Work request: What are the lines, word for word, from the line with "1569418 للايجار غرفه كبيره ٦/٦.٥٠ م" up to and including the line with "Князя Володимира Великого" in the records below? Omit the pictures.

Data records:
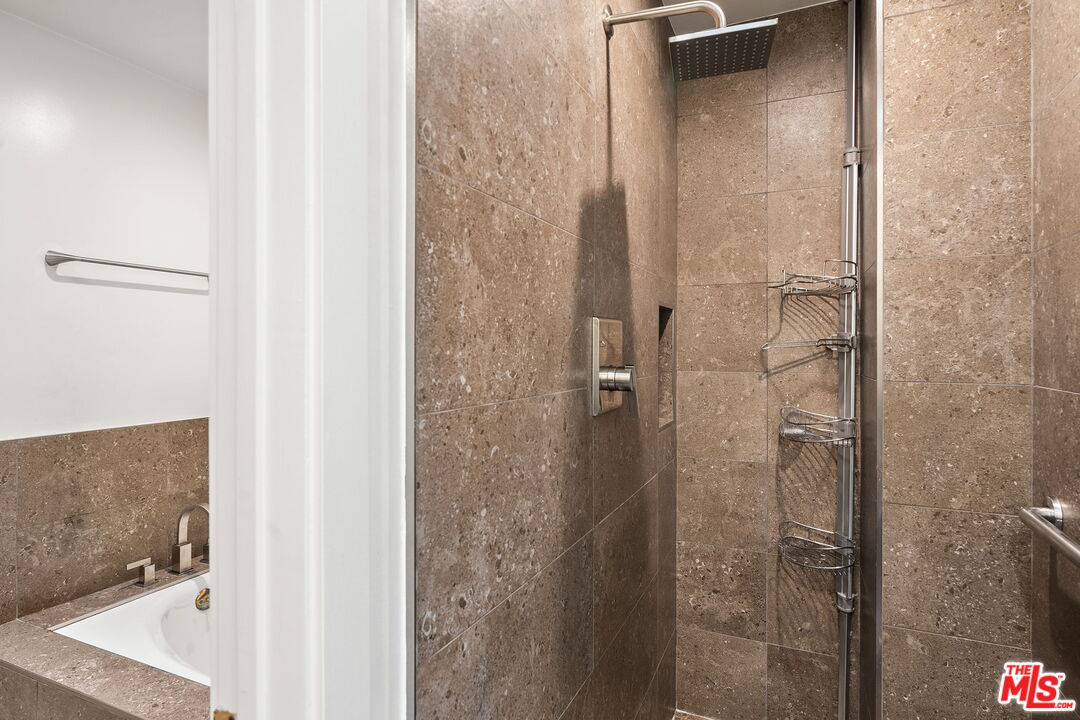 11755 Montana Ave Unit: 308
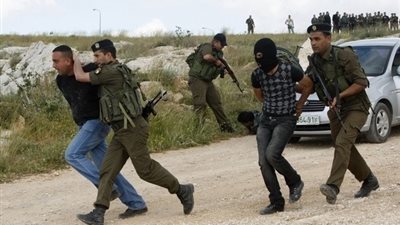 حماس: اعتقالات للنشطاء في الضفة نتاج جولة كيري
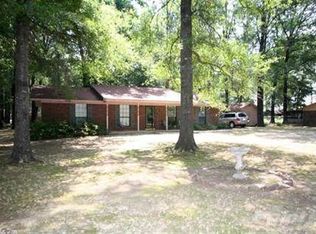 2 Palmer Dr, Conway, AR 72032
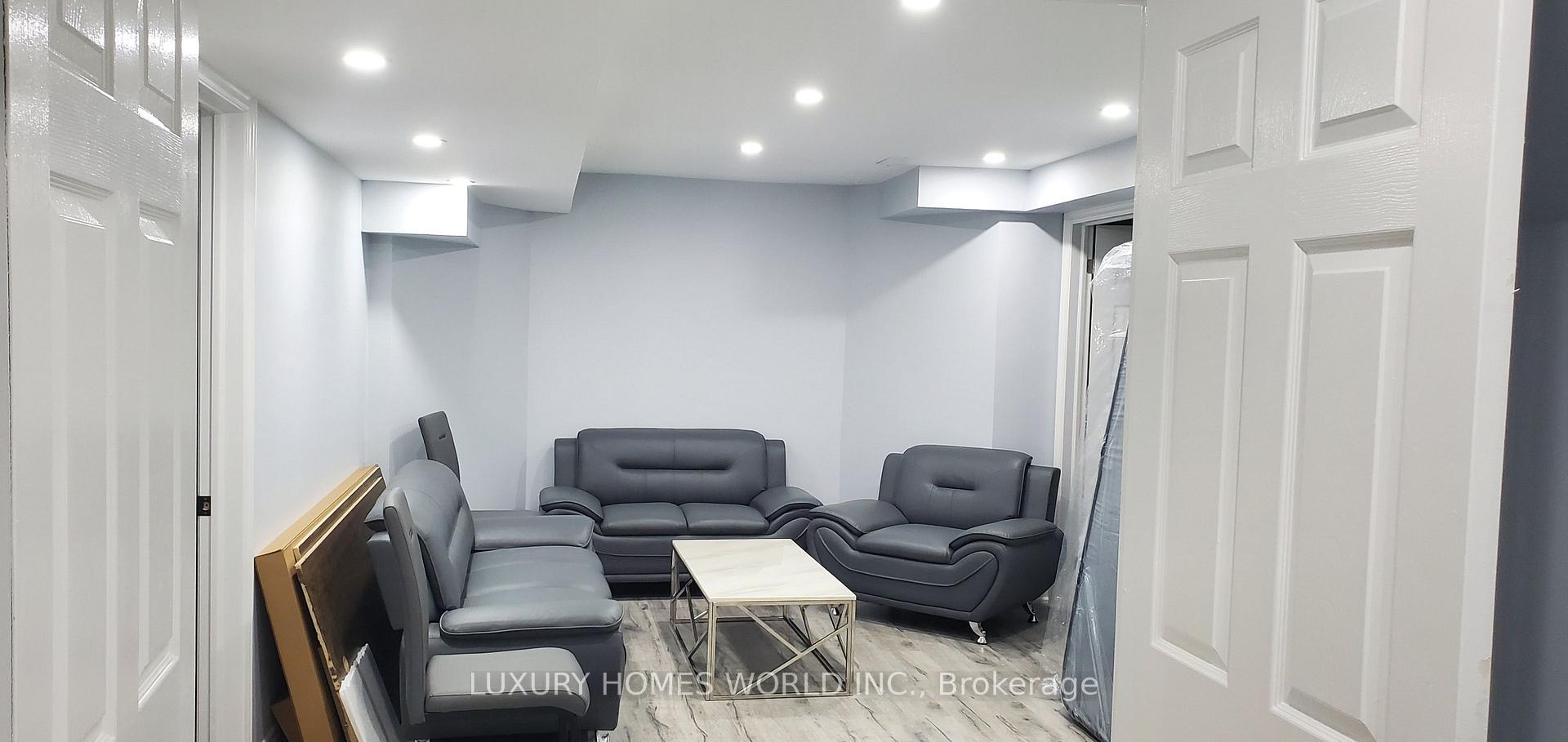 Photo 19 of 160 Featherstone Avenue, Markham, Middlefield — HOMEH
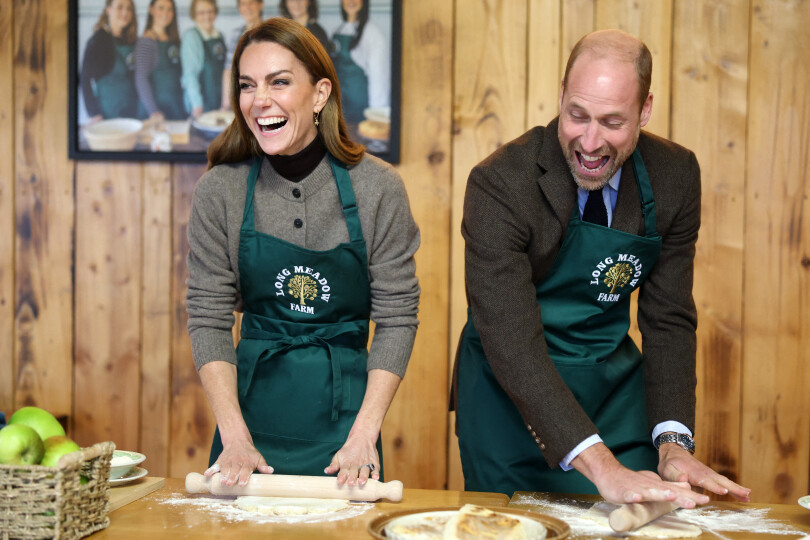 atWilliam et Catherine confectionnent un gateau de pommes lors de leur visite en Irlande du Nord.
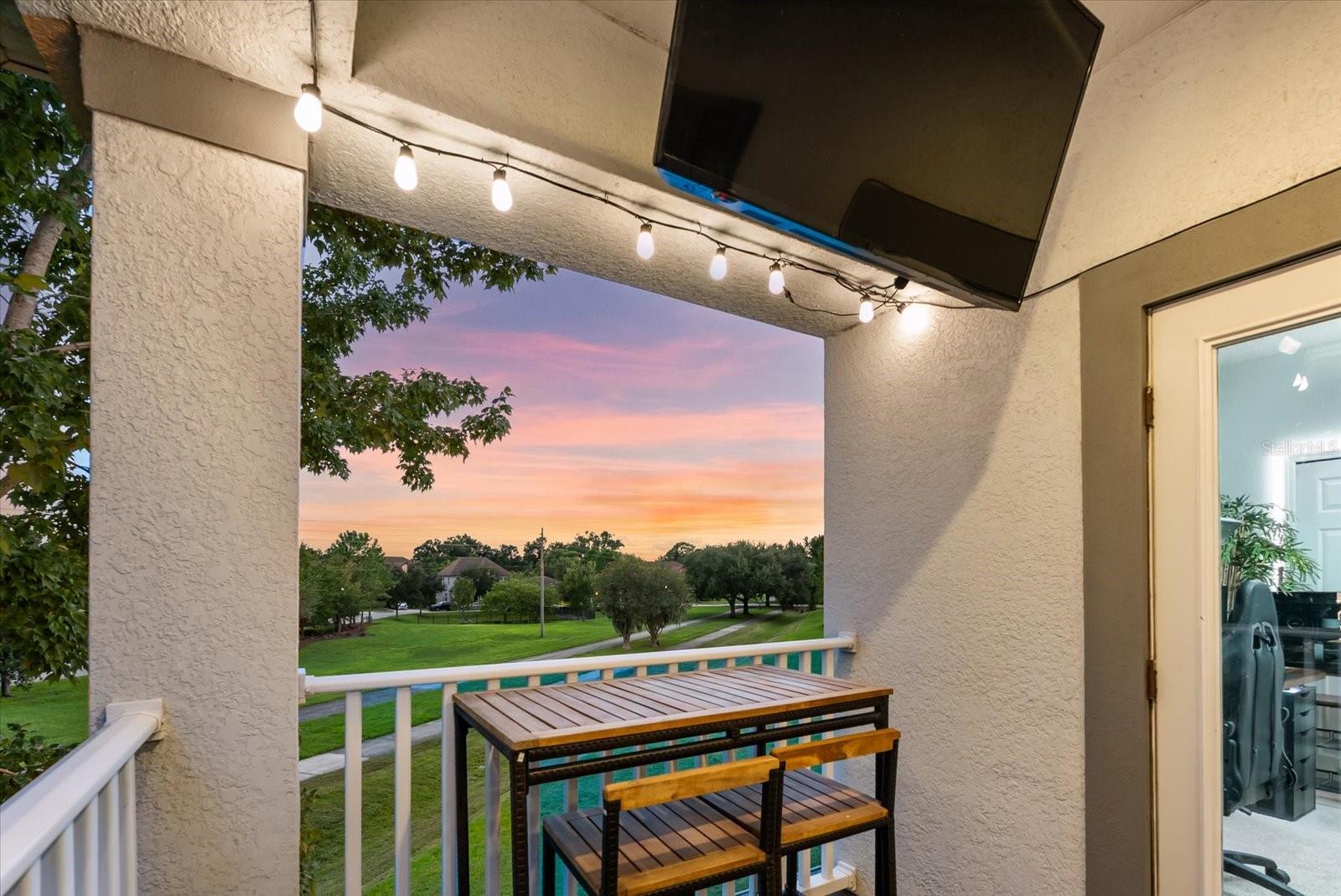 1076 AVILA LN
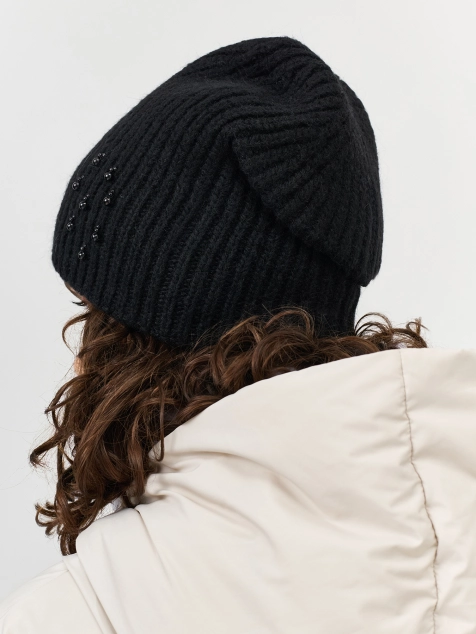 Шапка в рубчик с акцентным декором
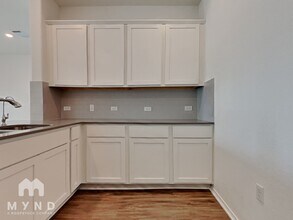 7125 Spotted Leaf Wy in Austin, TX - Foto de edificio - Building Photo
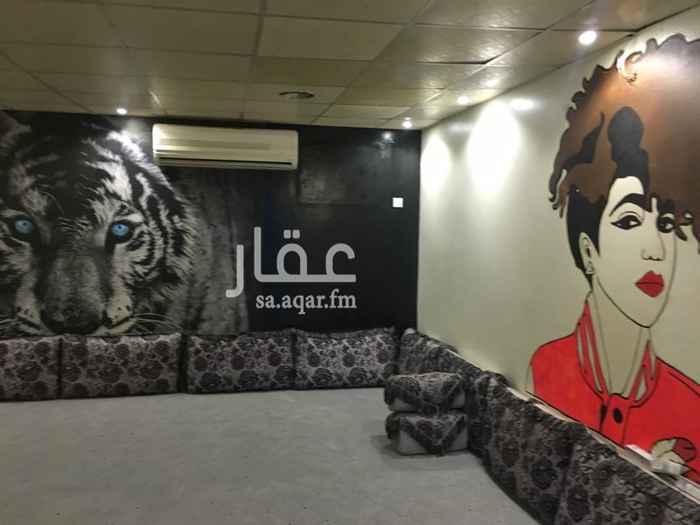 1569418 للايجار غرفه كبيره ٦/٦.٥٠ م
موثثه بالكامل مميف اسبلت وموكيت ومساند وشاشه بلازما ورسيفر وثلاجه
ومطبخ راكب ودوره مياه وموزع
مدخل خاص توفر مواقف
الموقع حي الرمال تقاطع طريق الدمام وطريق جابر
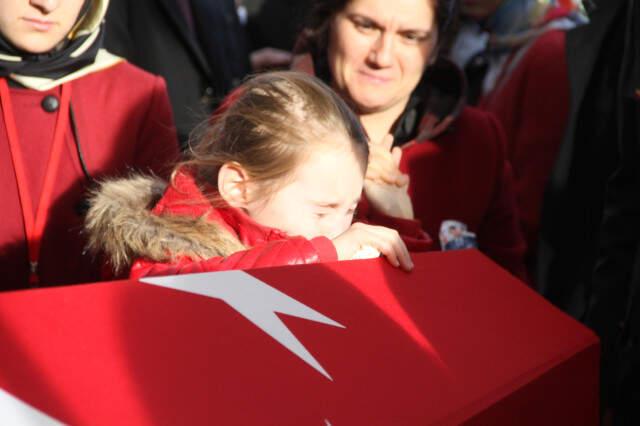 Minik Öykü'den Şehit Babaya Son Dokunuş!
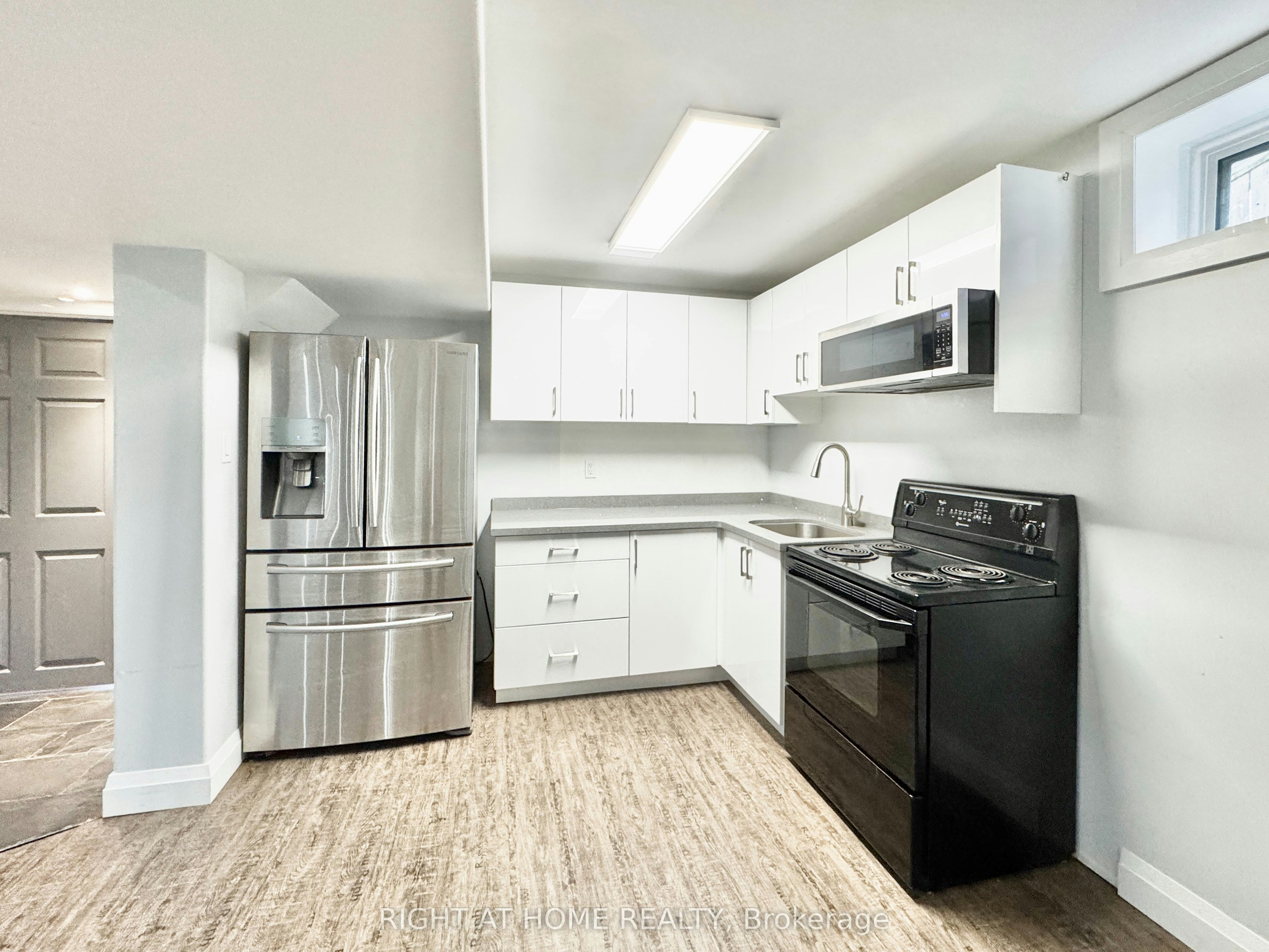 Lower-20 Prince Of Wales Drive, Barrie, ON, L4N 0T5 - 6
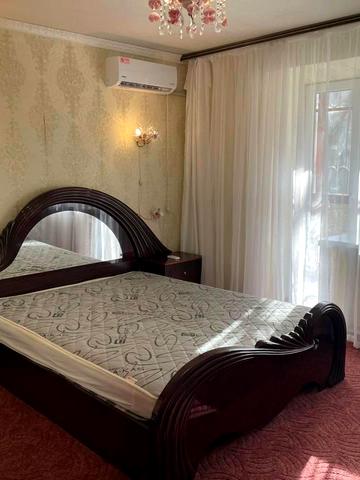 Князя Володимира Великого вул. (Плеханова), 15-Б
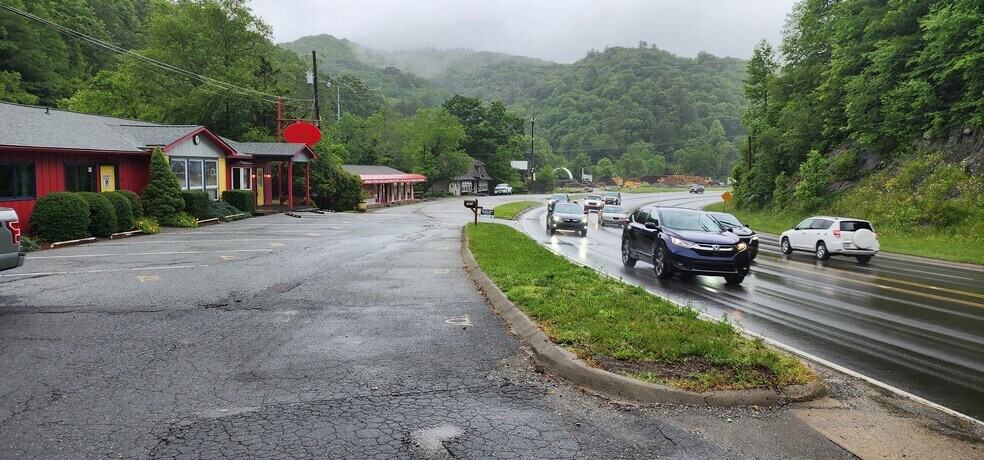 3385 US Highway 321 S, Blowing Rock, NC à vendre - Photo de l’immeuble – Image 2 sur 10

Exercise solution:
 1569418 للايجار غرفه كبيره ٦/٦.٥٠ م
موثثه بالكامل مميف اسبلت وموكيت ومساند وشاشه بلازما ورسيفر وثلاجه
ومطبخ راكب ودوره مياه وموزع
مدخل خاص توفر مواقف
الموقع حي الرمال تقاطع طريق الدمام وطريق جابر
 Minik Öykü'den Şehit Babaya Son Dokunuş!
 Lower-20 Prince Of Wales Drive, Barrie, ON, L4N 0T5 - 6
 Князя Володимира Великого вул. (Плеханова), 15-Б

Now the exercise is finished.